Investmentbanken gewähren ihren Praktikanten eine Schonzeit, um erst einmal hineinzukommen. Doch in der zweiten Woche wisst Ihr, wo Ihr gelandet seid. Vor 2 Uhr nachts konnte ich das Büro nicht verlassen.
In der vergangenen Woche habe ich ab 17.30 Uhr die seltene Londoner Sonne genossen. Die Arbeitszeit habe ich damit verbracht, mich bei den gestandenen Bankern einzuschmeicheln und die Mitpraktikanten kennenzulernen. Jetzt ist die Zeit gekommen, sich an die Arbeit zu machen. Das stellt allerdings keine Überraschung dar. Jeder weiß, dass die Arbeit in einer Investment Banking Division geradezu brutal ausfällt und dass die Arbeitszeiten wenig Zeit für das Privatleben lassen. Wer also hier ein Praktikum beginnt, sollte nicht hoffen, pünktlich zum Abendessen daheim zu sein. Ansonsten fällt der Schock erbarmungslos aus.
Überraschend ist vielmehr, wie unvorhersehbar alles ist. Das meiste meiner Arbeit war – um es ganz offen zu sagen – ziemlich banal. Ich bin Branchenanalysen durchgegangen, habe Zahlen in Geschäftsberichten geprüft und mich für die Aktienanalyse von Technologieunternehmen warmgelaufen.
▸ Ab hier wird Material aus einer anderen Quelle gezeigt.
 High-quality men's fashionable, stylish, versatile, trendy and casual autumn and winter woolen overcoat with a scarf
Das geht so jeden Tag bis etwa 18 Uhr. Dann startet so etwas wie eine neue Schicht. Während die Praktikanten am Morgen nur so tun, als wären sie beschäftigt, geht es am Abend erst so richtig los.
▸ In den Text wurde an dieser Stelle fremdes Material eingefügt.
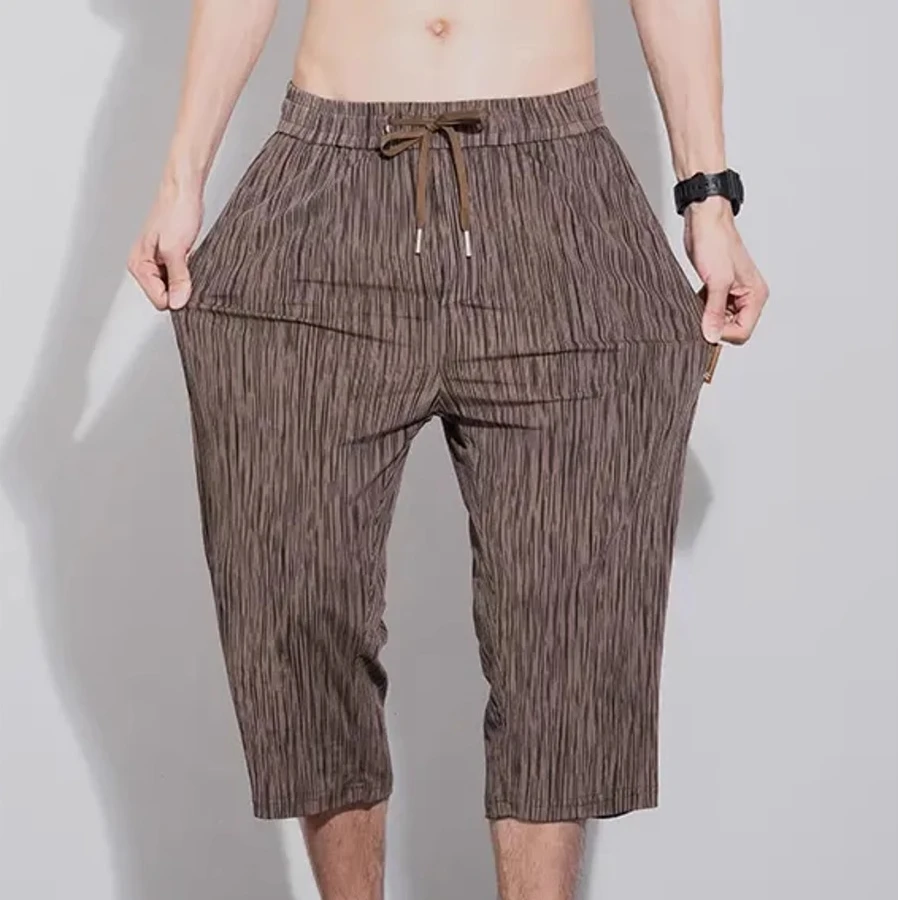 男士休闲裤夏季薄款透气高弹七分裤时尚百搭流星条纹五分裤短裤男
Es gibt Konferenz-Calls mit Kunden, neue Anweisungen, neue Modellierungsszenarien und neue Powerpoint-Präsentationen. All das hält Analysten und Praktikanten bis in die frühen Morgenstunden auf Trab.
Dabei handelt es sich um so etwas wie einen Initiationsritus. Die Managing Directors teilen mir nicht mit bis spät zu bleiben, indem sie mir in der letzten Minuten einen Berg Arbeit auf den Schreibtisch werfen, weil das bereits zu ihrer Zeit so der Fall gewesen ist. Ich gehöre zum Tech-Team, das sehr viel zu tun hat. Es handelt sich allerdings nicht um eine Schikane, denn die Führungskräfte bleiben ebenso lange. Wir kümmern uns um die Zahlen, aber Vice Presidents und Managing Directors haben es auch nicht leicht.
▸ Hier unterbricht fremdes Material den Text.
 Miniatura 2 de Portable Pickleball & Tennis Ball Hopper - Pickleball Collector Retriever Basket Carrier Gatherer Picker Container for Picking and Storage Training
Auf junge Leute, die keinen Durchblick haben, kann all dieser Stress einschüchternd wirken. Ich bin kein Feind von Excel und ich würde auch keinen Praktikumsplatz erhalten haben, wenn ich nicht ein wenig übers Investment Banking wüsste. Dennoch benötige ich gelegentlich Hilfe und die gestressten Analysten waren tatsächlich unglaublich hilfreich und haben sich auch nicht daran gestört, wenn ich grundlegende Fragen zu Excel gestellt habe. Der Trick besteht darin, nichts zweimal zu fragen, wenn Ihr kein lautes Stöhnen und eine genervte Erklärung hören wollt.
Doch worin besteht der größte Nachteil? Ich habe so viel Zeit im Büro verbracht, dass meine Mitbewohner mich wohl schon vergessen haben. Am Sonntagvormittag habe ich für sie gekocht – einem der seltenen Momente, die ich nicht im Büro verbracht habe. Dennoch bin ich für drei Stunden in die Bank gegangen, um die Arbeit für die neue Woche vorzubereiten. Ich bin ausgeruht – mal sehen wie lange dieser Zustand anhält.
Bei James Robert handelt es sich um ein Pseudonym. Robert verbringt sein Praktikum im M&A-Geschäft einer Großbank in London. Er wird hier regelmäßig über seine Erfahrungen berichten.